SEO or SEM | Deciding Which is Better for Your Brand and Audience

Depending on the size and scope of your targeted audience of potential customers, you may decide that your brand website needs an additional digital marketing approach that utilises SEM as well as SEO. If you’re unfamiliar with what these new initials represent and what makes it different from SEO, you’re not alone.

Search Engine Marketing (SEM) is a more targeted approach to reaching a specific audience through the use of pay-per-click ads (PPC) and other techniques that improve your site’s visibility.

The practice is an offshoot of SEO that improves a website’s performance toward a specific goal by using the paid ad platforms of Google and other search engines. It’s not a replacement for SEO; it’s an enhancement that may or may not benefit your website in a particular industry or a particular situation.

Getting the Word Out

If your brand is in an industry that has a lot of online competition, you’re consistently slipping in the page rankings, and your SEO agency is working overtime, you may benefit from SEM. If your company is targeting a specific audience or focusing on a geographical area to concentrate your marketing efforts, this is another area where this enhanced version of SEO may help your company. It can effectively raise your click-through and conversion rates, as well as your overall visibility within your target markets.

The practice helps get the word out about your brand more effectively in certain industries than even the best SEO practices can. The fact that you have to pay for the most effective use of search engine marketing provides a hint to the value that digital marketers place on the practice.

Paying for Results

Search engines long ago realised the value of offering advertising but wanted to offer as level a playing field as they could. They know that keywords have all ranges of value. Certain keywords in an industry are much more valuable than others. Search engines, like Google, developed a keyword-bidding business model where the more valuable the keyword and the more times you wanted to use it in a series of ads, the more you paid for the privilege.

The cost structure works both as a deterrent to non-serious competitors and an effective generator of revenue for companies that are willing and able to absorb the significant costs in their acquisition budgets.
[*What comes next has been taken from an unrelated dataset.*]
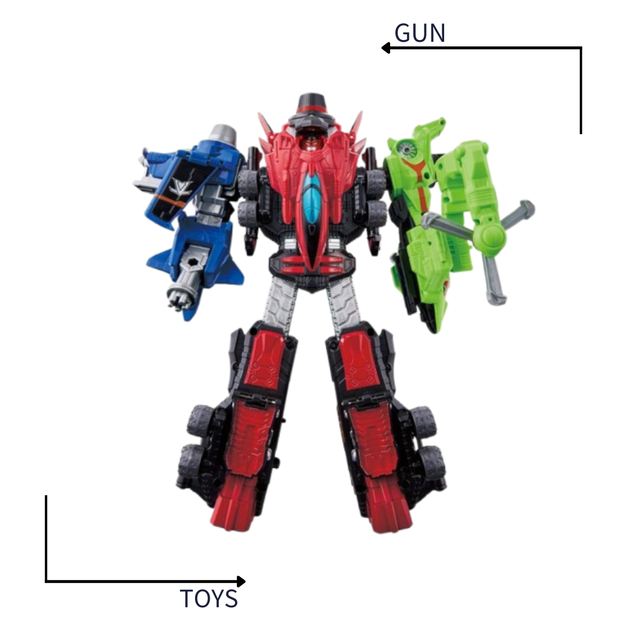 《GTS》BANDAI 快盜戰隊 v.s警察戰隊 DX 螺旋轉盤戰機(可與魯邦凱薩結合) 223078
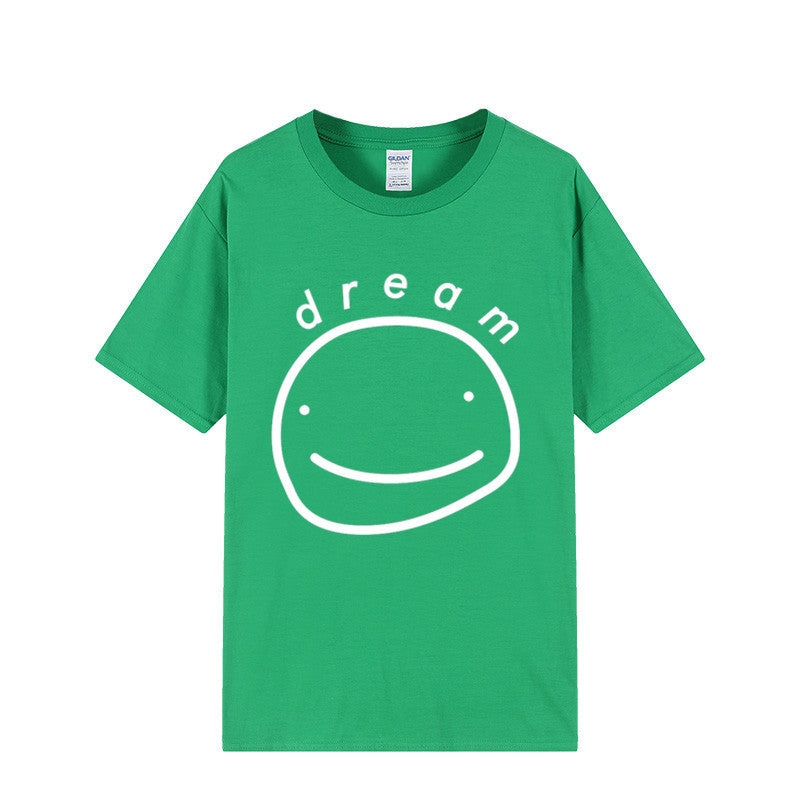 Dreamwastaken Novelty Hoodies Dream Merch Shirt Printed Casual Stylish Loose Short Sleeve T-shirt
This business model became known as PPC, and it’s the backbone of SEM. While the practice utilises the same techniques in optimising a website that SEO does, the reliance on the use of PPC as a significant facet of the practice makes it as effective as it is.

 All-inclusive Compared to SEO

The practice is beginning to be considered as sort of an all-inclusive version of SEO. Where SEO attempts to achieve its results by the use of techniques that are free to use, SEM uses the entire range of options to increase a website’s visibility, both free and paid.

There are a lot of factors to consider in deciding whether this approach is right for your brand in your current market. Sure, it adds a lot of benefits, but those benefits come at a cost that may be not worth it for your current market.